Reproduce without any pictures the lines from the one that contains "261 Mendoza Kyle TX 78640" through the end of the records, exactly as written.

## EXERCISE DATA
****************

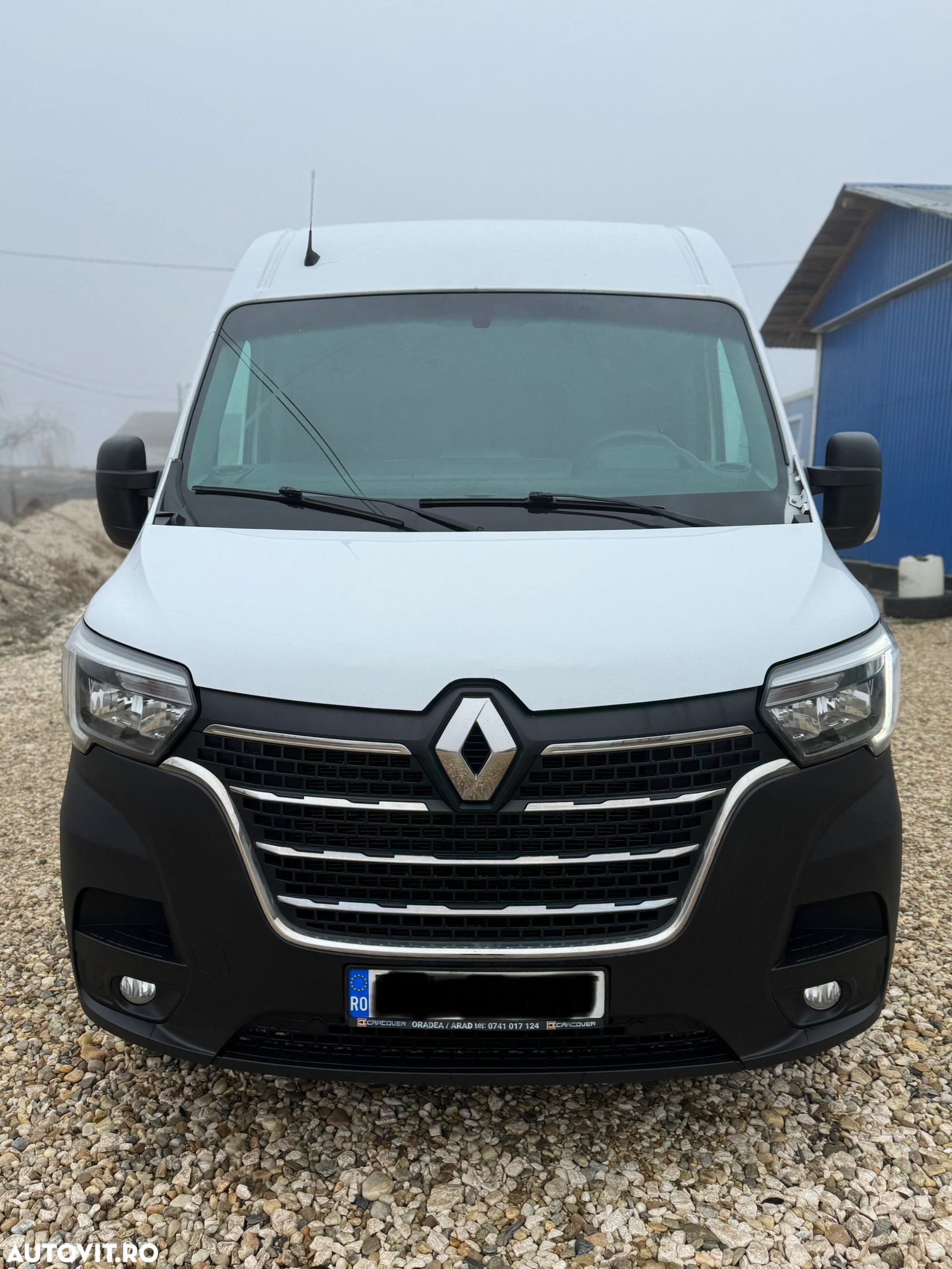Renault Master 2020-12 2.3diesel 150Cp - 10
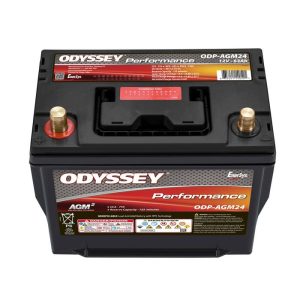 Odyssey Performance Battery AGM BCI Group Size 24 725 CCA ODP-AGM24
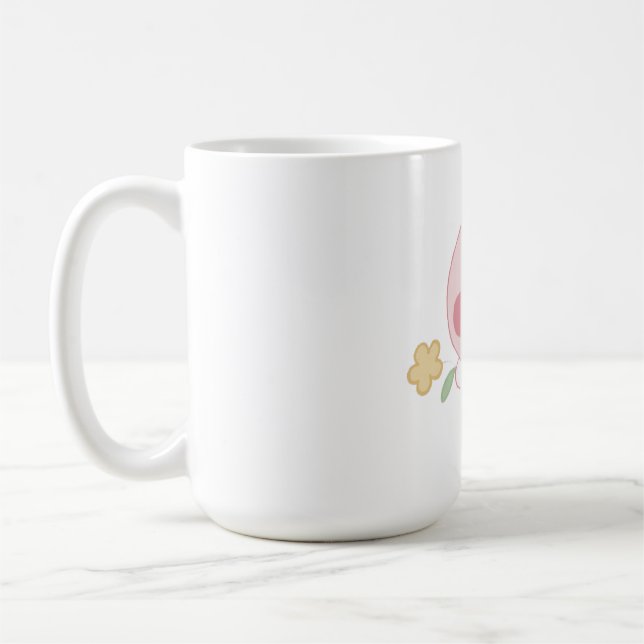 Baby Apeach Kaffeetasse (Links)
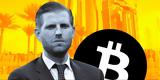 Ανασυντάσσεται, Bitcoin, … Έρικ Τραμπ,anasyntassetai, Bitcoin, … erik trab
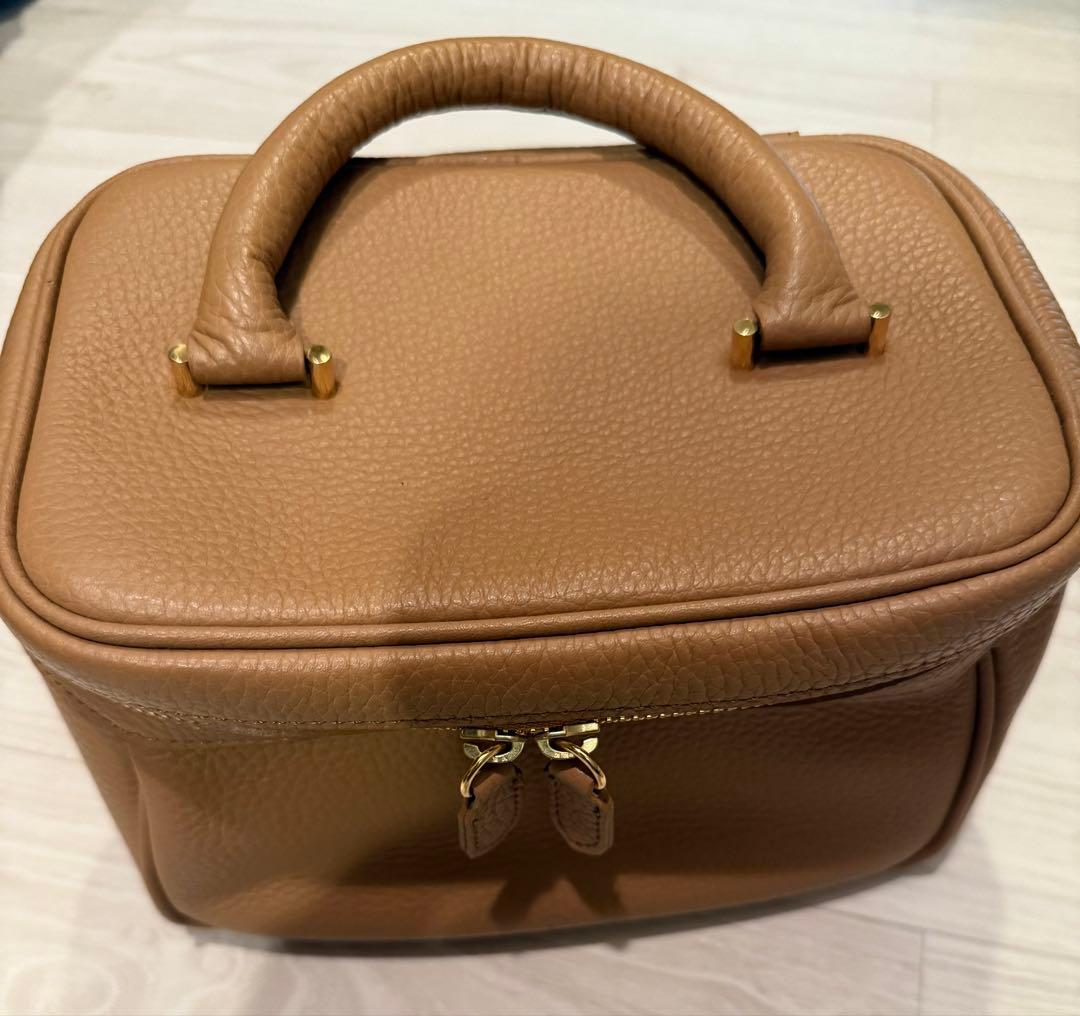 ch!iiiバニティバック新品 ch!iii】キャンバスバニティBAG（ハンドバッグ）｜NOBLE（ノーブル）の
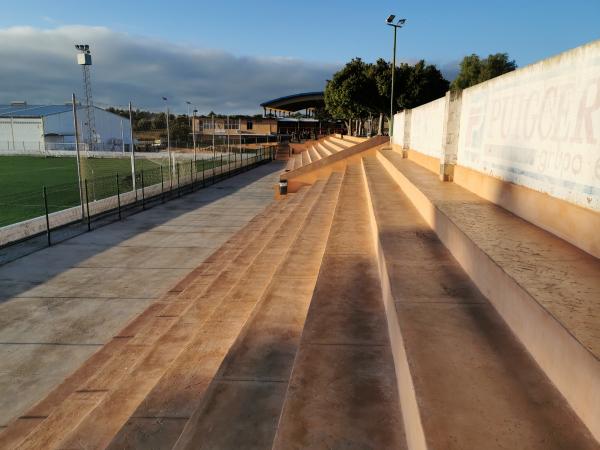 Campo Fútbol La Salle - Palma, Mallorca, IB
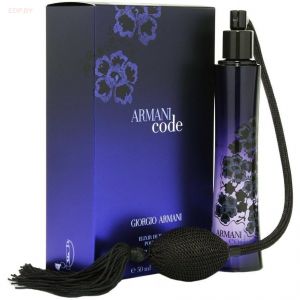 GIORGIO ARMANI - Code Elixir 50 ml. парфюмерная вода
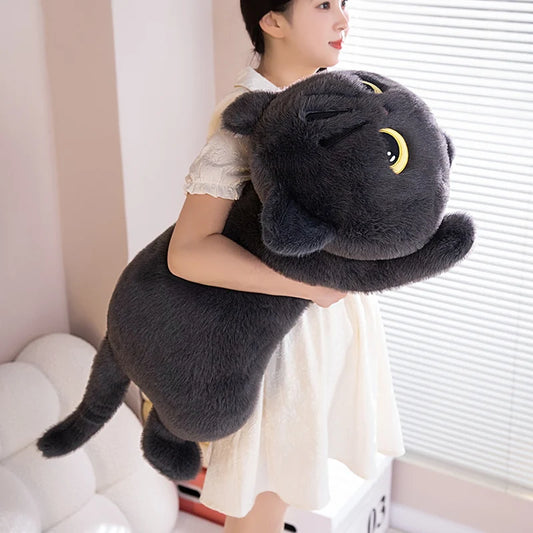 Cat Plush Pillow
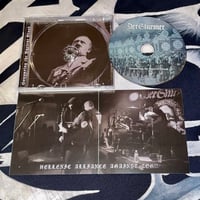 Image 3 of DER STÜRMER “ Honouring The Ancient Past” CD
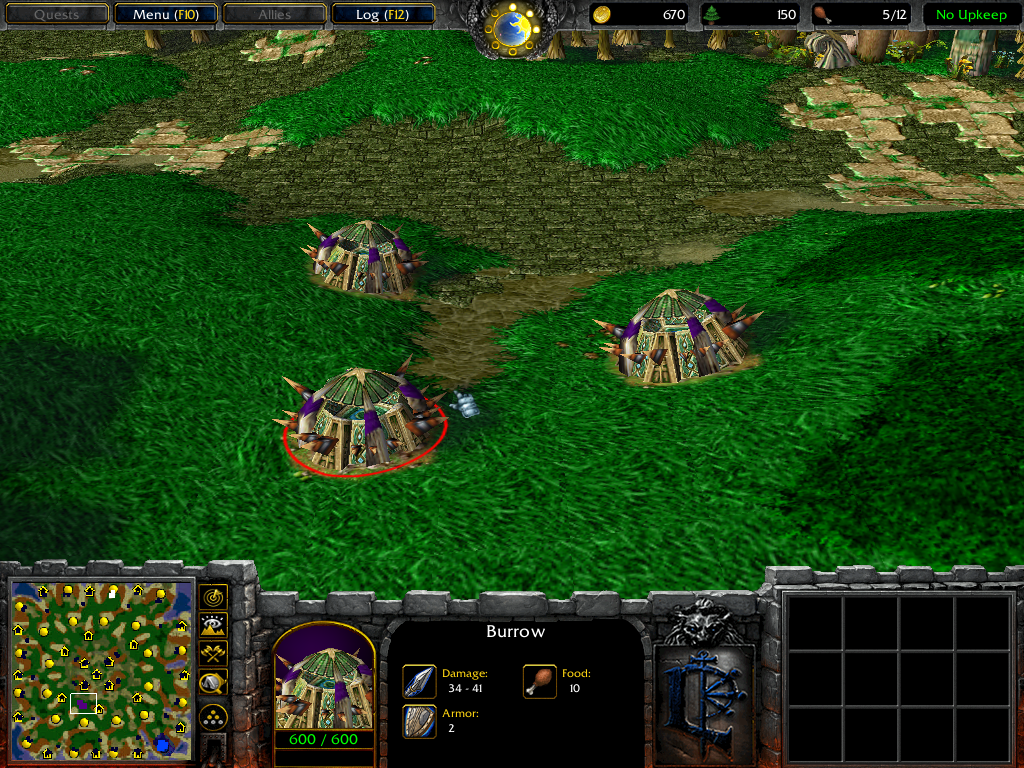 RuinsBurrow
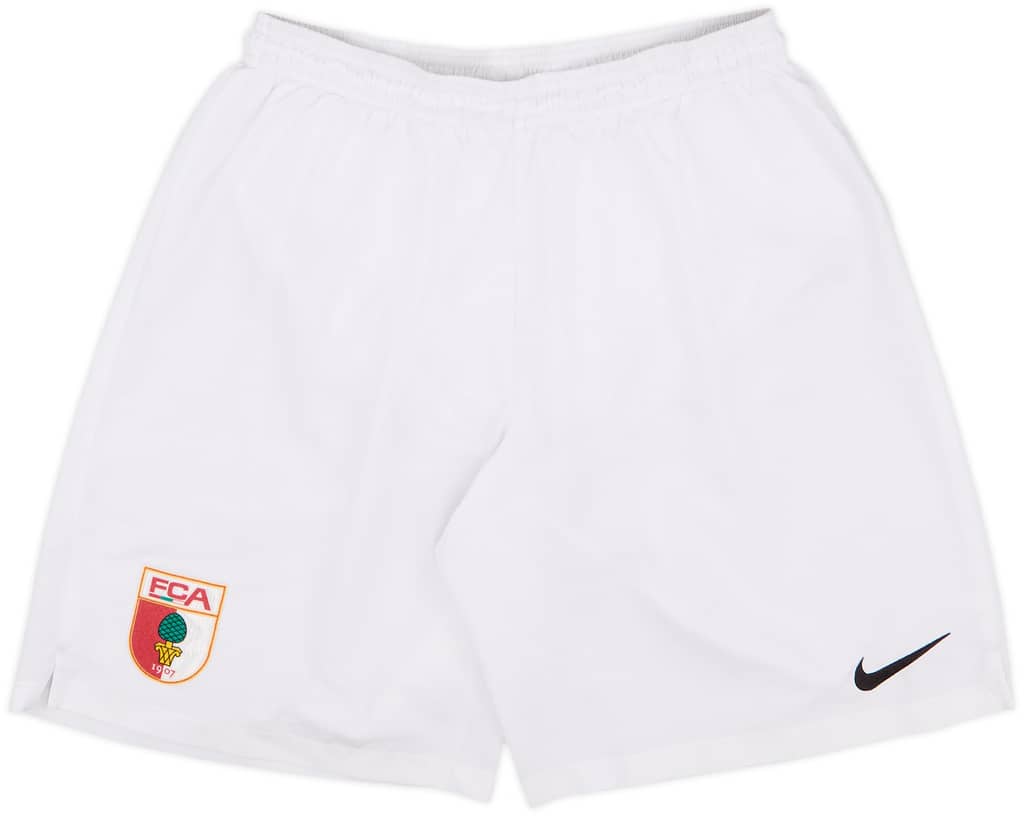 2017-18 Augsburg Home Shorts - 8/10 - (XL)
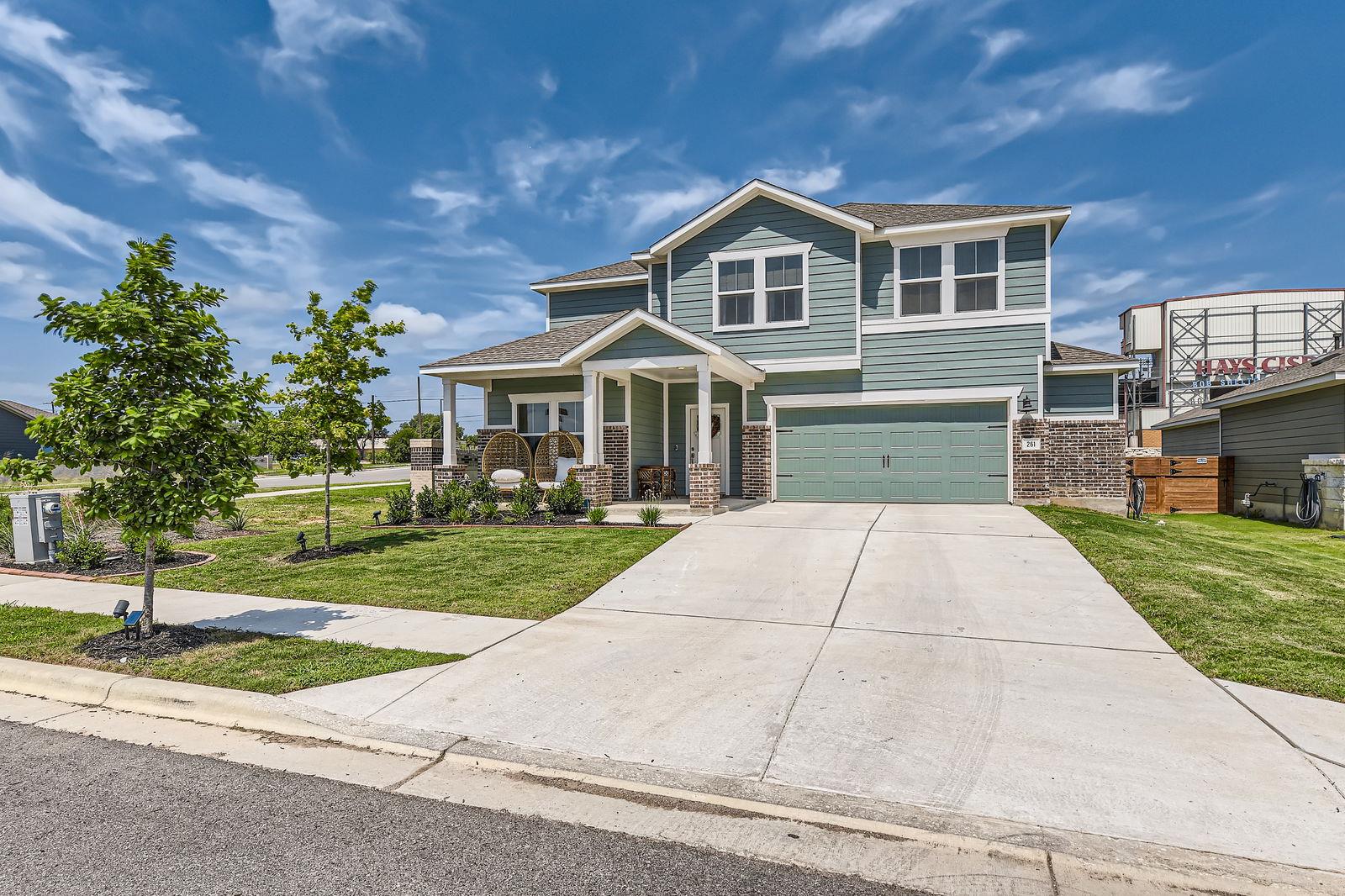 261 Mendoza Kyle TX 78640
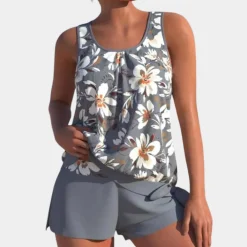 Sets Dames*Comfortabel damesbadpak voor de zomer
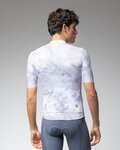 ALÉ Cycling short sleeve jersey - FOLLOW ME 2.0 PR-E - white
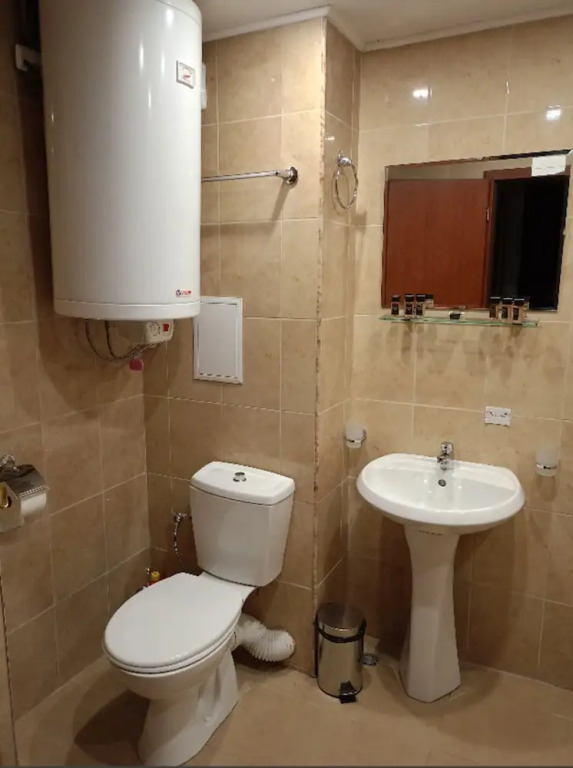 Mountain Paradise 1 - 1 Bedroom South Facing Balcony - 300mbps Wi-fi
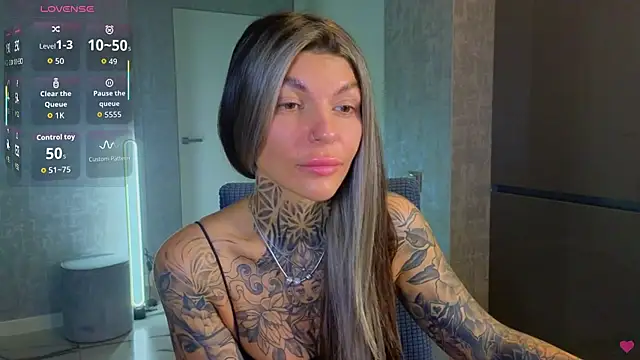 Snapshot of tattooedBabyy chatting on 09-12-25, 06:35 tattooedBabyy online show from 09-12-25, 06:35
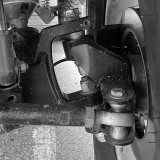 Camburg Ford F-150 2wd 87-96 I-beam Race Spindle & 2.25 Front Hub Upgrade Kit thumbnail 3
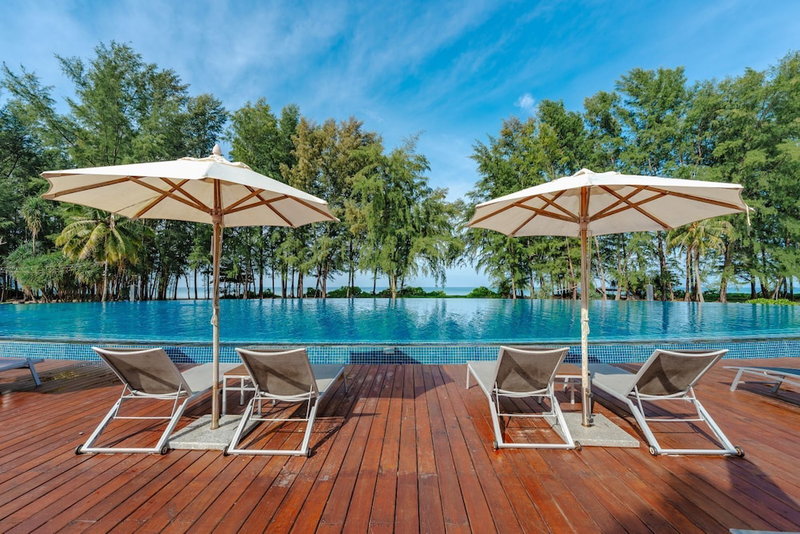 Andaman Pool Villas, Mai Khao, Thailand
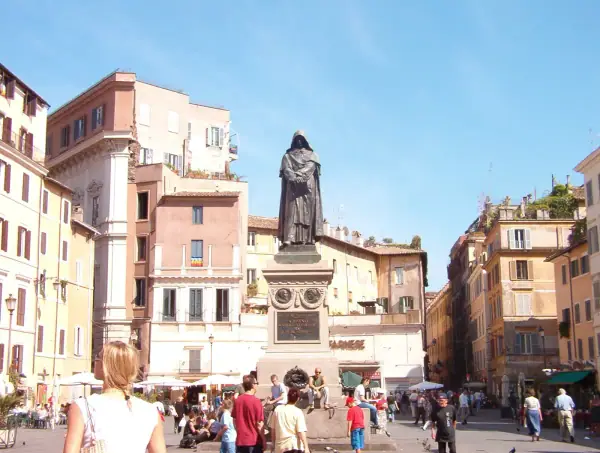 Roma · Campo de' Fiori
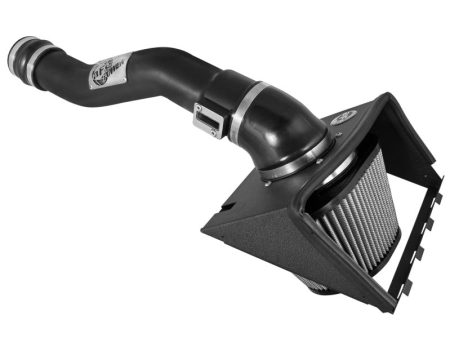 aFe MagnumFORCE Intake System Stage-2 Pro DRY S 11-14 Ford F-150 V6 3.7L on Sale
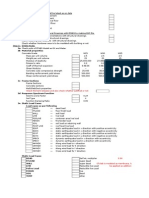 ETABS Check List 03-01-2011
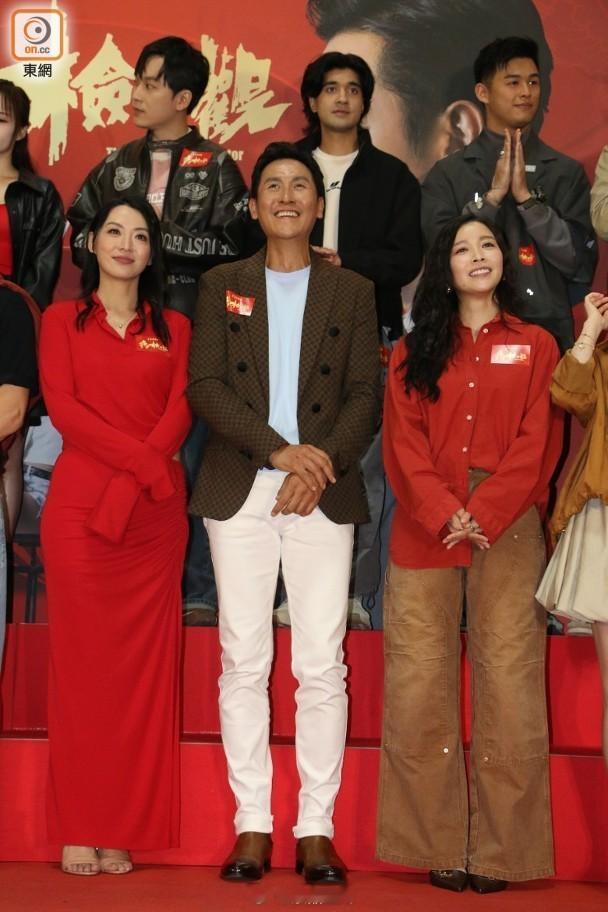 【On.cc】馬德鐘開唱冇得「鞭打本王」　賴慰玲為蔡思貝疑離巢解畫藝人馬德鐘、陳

****************

## WRITTEN SOLUTION
 261 Mendoza Kyle TX 78640
 Sets Dames*Comfortabel damesbadpak voor de zomer
 ALÉ Cycling short sleeve jersey - FOLLOW ME 2.0 PR-E - white
 Mountain Paradise 1 - 1 Bedroom South Facing Balcony - 300mbps Wi-fi
 Snapshot of tattooedBabyy chatting on 09-12-25, 06:35 tattooedBabyy online show from 09-12-25, 06:35
 Camburg Ford F-150 2wd 87-96 I-beam Race Spindle & 2.25 Front Hub Upgrade Kit thumbnail 3
 Andaman Pool Villas, Mai Khao, Thailand
 Roma · Campo de' Fiori
 aFe MagnumFORCE Intake System Stage-2 Pro DRY S 11-14 Ford F-150 V6 3.7L on Sale
 ETABS Check List 03-01-2011
 【On.cc】馬德鐘開唱冇得「鞭打本王」　賴慰玲為蔡思貝疑離巢解畫藝人馬德鐘、陳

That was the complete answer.